Linseed, tung, hemp, and walnut oil are all safe "drying" finishes that protect and seal the wood by penetrating instead of covering it with a synthetic material. These are long-lasting and prevent the wood from rotting.
Once your branches are cleaned and treated, it's time to get creative. Individual branches can be placed between shelves for a post for your cat to scratch or climb, or you could actually create a tree along the wall, either extending from a plywood base, or attached to the wall itself.
There are multiple ways to do it, but make sure once again that the branches are secured properly, and provide your cat with enough surface area to jump and lounge on.
You can make it as big or small as you and your cat want, but putting it next to a window is a great idea to give cats the feeling of being outside with the safety of being indoors.
Cat Playground Materials
The best materials to use for any of these cat playground ideas will be as natural as possible, while also being tough enough to handle a little cat's play.
Plastics like PVC contain phthalates, BPA, and other kinds of toxic chemicals that can mess with your cat's endocrine, kidney, and liver function.
While the damage may not be noticeable right away, the more they are exposed to plastics, the more they have a chance of ingesting them, leading to problems later on. Choose wood products over plastic, especially eco-friendly ones without added glues, like acacia and bamboo.
Some cats are allergic to materials even at a young age, so if you notice any reactions, don't wait for them to go away, but remove the item that you think might be causing any distress.
Old carpet that has mold or other allergens can cause reactions, and can also hoard dust mites and even fleas. Choose carpet that is low in VOC's (volatile organic compounds) when possible, and look for environmentally-conscious companies.
Sisal rope is a non-toxic, natural product that can be used in various ways, including wrapping around posts to create a carpet-like surface.
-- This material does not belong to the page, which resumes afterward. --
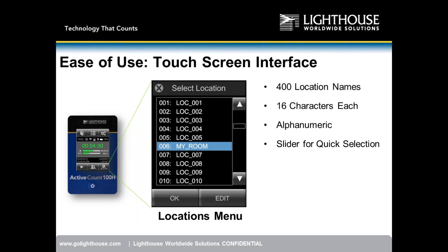The location menu — the map icon in the bottom right of the home screen — allows entry of up to 400 unique location names, each up to 16 characters long using a combination of letters and numbers, with a slider for quick selection. 400 location names, 16 characters long.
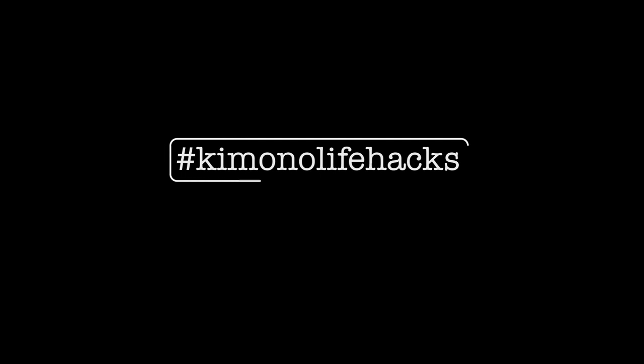You asked for it and here it finally is — a video about how to make your own fitting kimono padding. My name is Billy Matsunaga and I'm a fully trained and professional kimono teacher and stylist.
Twine is generally fine for cats to play with, as well, just make sure there aren't risks of them biting it off and swallowing it.
Corrugated cardboard has been known to have a certain amount of glue in it, as well. Cardboard itself is a fairly benign material and cats love to rip it apart, but if you notice your cat ingesting some, best to take it away.
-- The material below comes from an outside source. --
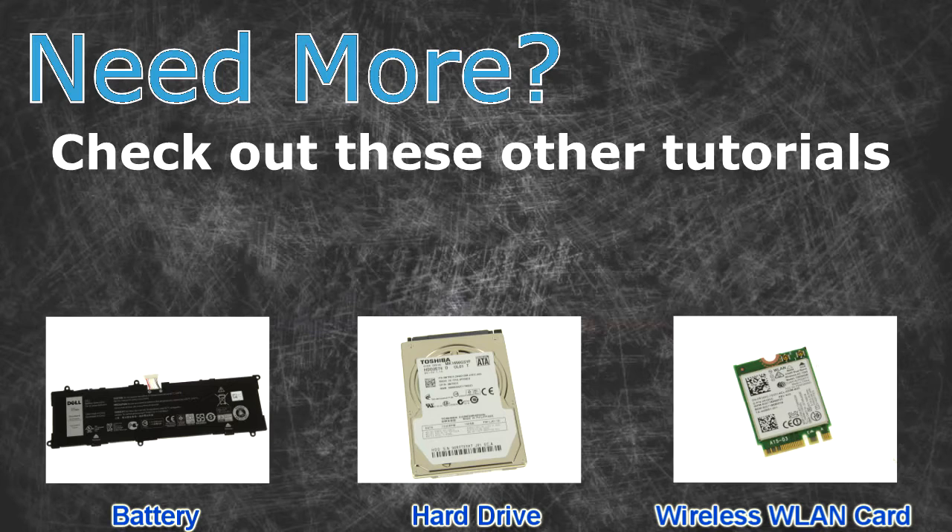Need more? Check out these other tutorials. For batteries click here. For hard drives click here. For wireless cards click here.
While you may not be able to remove every bit of toxic material from your home, making conscious choices to use non-toxic materials will help both you and your feline friends live healthier lives.
Know how much your cat or cats weigh so that you can make sure that any shelves, brackets, anchors, etcetera can support their weight. And, make sure that any shelves, bridges, or other equipment are wide enough and spaced close enough together for your cat to be able to at least walk on or land on safely when jumping.
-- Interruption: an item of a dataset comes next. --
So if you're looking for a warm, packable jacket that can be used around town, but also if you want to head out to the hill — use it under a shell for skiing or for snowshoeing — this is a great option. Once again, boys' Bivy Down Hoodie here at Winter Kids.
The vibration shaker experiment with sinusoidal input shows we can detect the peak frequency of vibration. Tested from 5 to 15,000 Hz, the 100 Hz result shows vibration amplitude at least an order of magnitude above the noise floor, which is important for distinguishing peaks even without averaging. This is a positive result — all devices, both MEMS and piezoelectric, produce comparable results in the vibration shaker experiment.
Keep elderly cats and ones with mobility issues in mind. Don't make a cat playground only fun for the younger, playful cats, but inspire your older ones to move around more, too.
Soft surfaces that are lower to the ground can be easy enough to get an older cat to feel comfortable with. Add some other stimulation that's easy for them to reach, like a toy on a string that doesn't require them to leap up to the ceiling to get to.
For cats of any age, make sure you aren't using any sharp objects or materials that they could accidentally swallow and choke on. Ensure that any screws or nails are fully hidden, and not poking out anywhere.
Cats are naturally curious, playful creatures, and since more owners are choosing to keep them safely indoors, they'll need more stimulation than merely looking out the window day in, day out.
Give your feline fur-babes an awesome place to run, jump, hide, and play the day away with these DIY cat wall playground ideas.
You'll be rewarded with happier, well-behaved kitties who may even thank you with some nuzzles once they've tired themselves out.